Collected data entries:
____

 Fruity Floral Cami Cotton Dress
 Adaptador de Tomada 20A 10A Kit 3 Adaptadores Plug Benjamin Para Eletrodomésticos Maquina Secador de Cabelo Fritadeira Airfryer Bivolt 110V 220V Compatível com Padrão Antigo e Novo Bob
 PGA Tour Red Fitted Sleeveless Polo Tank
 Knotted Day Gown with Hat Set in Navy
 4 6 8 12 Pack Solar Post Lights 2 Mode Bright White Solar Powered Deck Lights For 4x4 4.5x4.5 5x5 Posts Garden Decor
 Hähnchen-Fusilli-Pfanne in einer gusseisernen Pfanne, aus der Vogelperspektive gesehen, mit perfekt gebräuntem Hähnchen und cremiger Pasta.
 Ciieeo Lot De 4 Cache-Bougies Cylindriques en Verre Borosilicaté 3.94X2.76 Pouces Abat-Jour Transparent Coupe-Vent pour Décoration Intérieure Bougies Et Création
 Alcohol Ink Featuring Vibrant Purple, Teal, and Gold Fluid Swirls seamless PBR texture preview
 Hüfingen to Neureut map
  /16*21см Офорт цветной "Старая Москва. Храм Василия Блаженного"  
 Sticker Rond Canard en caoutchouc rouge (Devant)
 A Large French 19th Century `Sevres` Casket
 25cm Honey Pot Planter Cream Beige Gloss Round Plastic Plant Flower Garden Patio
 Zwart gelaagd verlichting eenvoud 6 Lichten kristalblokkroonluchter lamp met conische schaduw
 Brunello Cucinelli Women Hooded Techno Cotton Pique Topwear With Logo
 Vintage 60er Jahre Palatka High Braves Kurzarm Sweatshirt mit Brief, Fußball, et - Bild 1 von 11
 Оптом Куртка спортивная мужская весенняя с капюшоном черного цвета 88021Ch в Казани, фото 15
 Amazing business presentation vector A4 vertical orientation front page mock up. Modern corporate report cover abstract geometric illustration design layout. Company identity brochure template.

____

WHAT TO DO: The full set of entries should appear again, unchanged, line by line.

EXERCISE SOLUTION:
 Fruity Floral Cami Cotton Dress
 Adaptador de Tomada 20A 10A Kit 3 Adaptadores Plug Benjamin Para Eletrodomésticos Maquina Secador de Cabelo Fritadeira Airfryer Bivolt 110V 220V Compatível com Padrão Antigo e Novo Bob
 PGA Tour Red Fitted Sleeveless Polo Tank
 Knotted Day Gown with Hat Set in Navy
 4 6 8 12 Pack Solar Post Lights 2 Mode Bright White Solar Powered Deck Lights For 4x4 4.5x4.5 5x5 Posts Garden Decor
 Hähnchen-Fusilli-Pfanne in einer gusseisernen Pfanne, aus der Vogelperspektive gesehen, mit perfekt gebräuntem Hähnchen und cremiger Pasta.
 Ciieeo Lot De 4 Cache-Bougies Cylindriques en Verre Borosilicaté 3.94X2.76 Pouces Abat-Jour Transparent Coupe-Vent pour Décoration Intérieure Bougies Et Création
 Alcohol Ink Featuring Vibrant Purple, Teal, and Gold Fluid Swirls seamless PBR texture preview
 Hüfingen to Neureut map
  /16*21см Офорт цветной "Старая Москва. Храм Василия Блаженного"  
 Sticker Rond Canard en caoutchouc rouge (Devant)
 A Large French 19th Century `Sevres` Casket
 25cm Honey Pot Planter Cream Beige Gloss Round Plastic Plant Flower Garden Patio
 Zwart gelaagd verlichting eenvoud 6 Lichten kristalblokkroonluchter lamp met conische schaduw
 Brunello Cucinelli Women Hooded Techno Cotton Pique Topwear With Logo
 Vintage 60er Jahre Palatka High Braves Kurzarm Sweatshirt mit Brief, Fußball, et - Bild 1 von 11
 Оптом Куртка спортивная мужская весенняя с капюшоном черного цвета 88021Ch в Казани, фото 15
 Amazing business presentation vector A4 vertical orientation front page mock up. Modern corporate report cover abstract geometric illustration design layout. Company identity brochure template.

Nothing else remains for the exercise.